In District 2, we are proud of our new projects and the economic vitality they bring. Optima Kierland, at Scottsdale Road and Kierland, is one example.
The area around Kierland was designed for this kind of project. Close to the Scottsdale Airpark and surrounded by employers, the site was an underused commercial center with vacant or aging storefronts.
Replacing this outdated corner with a project estimated by economist Elliot Pollack to generate up to $515 million in economic output, is a huge boost for our area. As the project takes shape, it’s bringing positive economic impact to our city and northeast Phoenix.
According to Pollack, consumers want more urban, walkable neighborhoods , so city revenue from the project will be substantial. According to the study, if a hotel is included, revenues will only increase. With a hotel, the project’s 10-year fiscal impact is estimated to be $26.7 million. Without the hotel, they are still a robust $17.9 million.

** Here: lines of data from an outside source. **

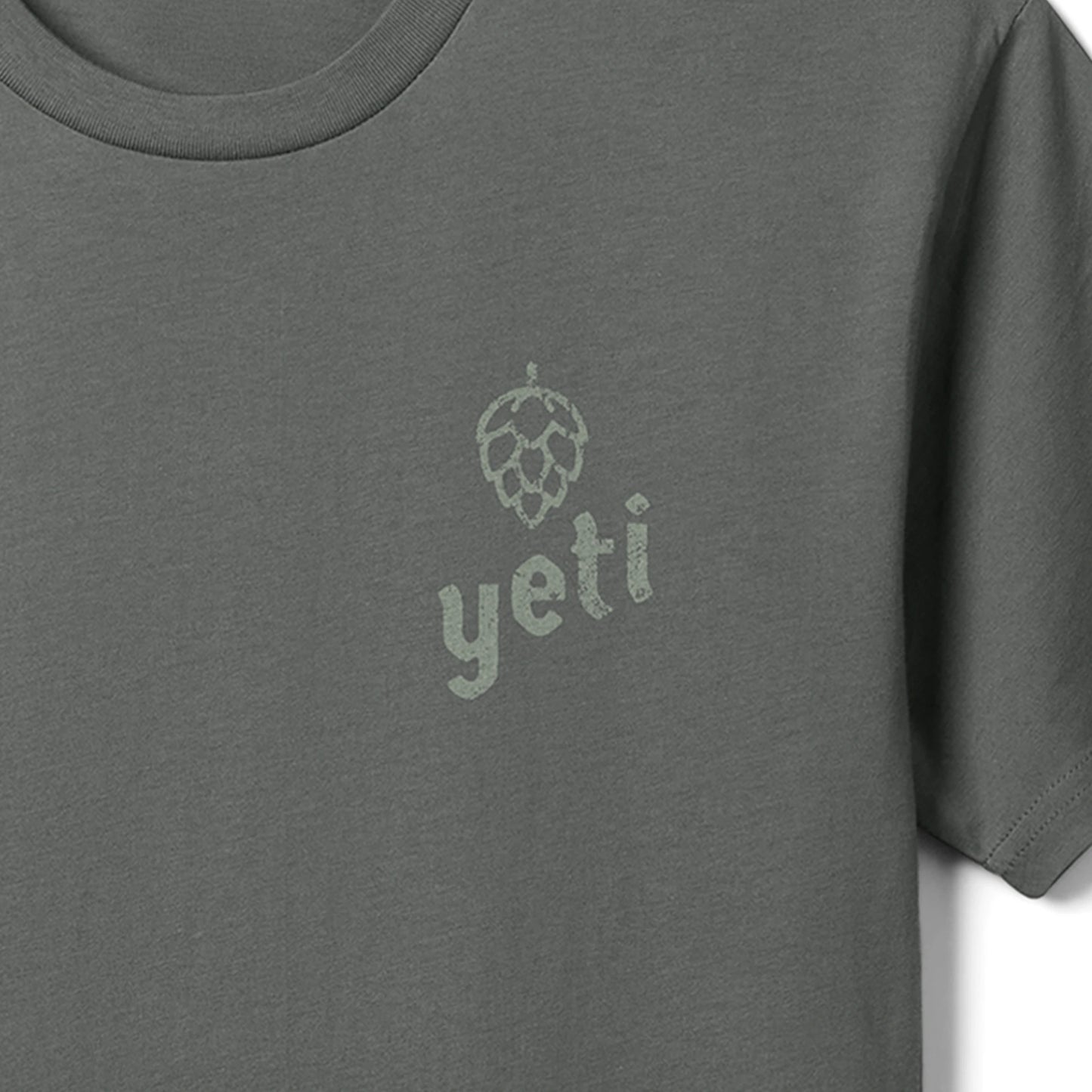 Short Sleeve T-Shirt
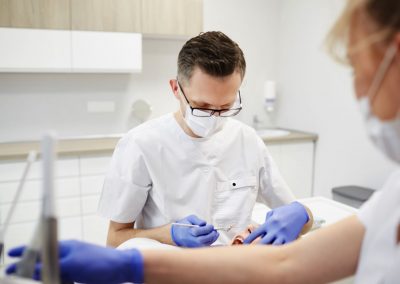 Dentysta Oświęcim
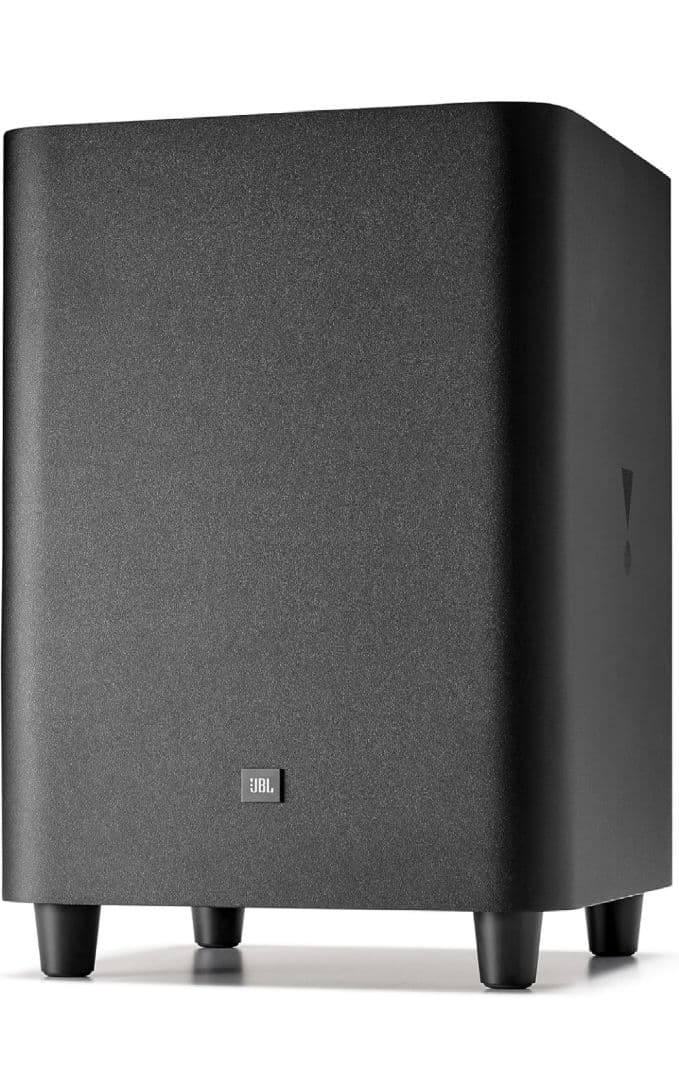 【美品】JBL BAR3.1 サウンドバー ウーファー付き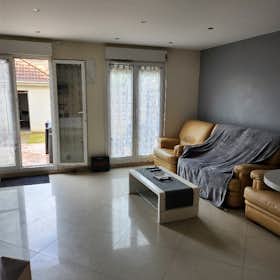 Habitación privada en alquiler por 600 € al mes en Sarcelles, Avenue de la Division Leclerc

Optima Kierland will add needed residential units to the employment center that is blossoming in northeast Phoenix. The condos and attached hotel will take approximately four years to build. During that time, new jobs will be created. Roughly 760 direct, indirect and induced jobs will be created on a yearly basis during construction with a hotel, and 680 without. That will mean the creation of more than 3000 jobs that equate to $194 million in total wages over that four-year period.
We welcome projects of this scope in District 2. We have worked hard at the city to become as customer friendly as possible. We still have a long way to go, but we have tried hard to streamline our processes so that businesses know their time won’t be wasted in a lengthy process which makes moving projects to other cities or states an attractive option.
When I arrived at City Hall in 2011, there was little or no activity on the economic development front. Fortunately, that has changed, and we are doing what we can to capitalize on our region’s improved economic outlook and help stimulate growth in Phoenix’s and the region’s economy.
Jim Waring represents District 2 on the Phoenix City Council.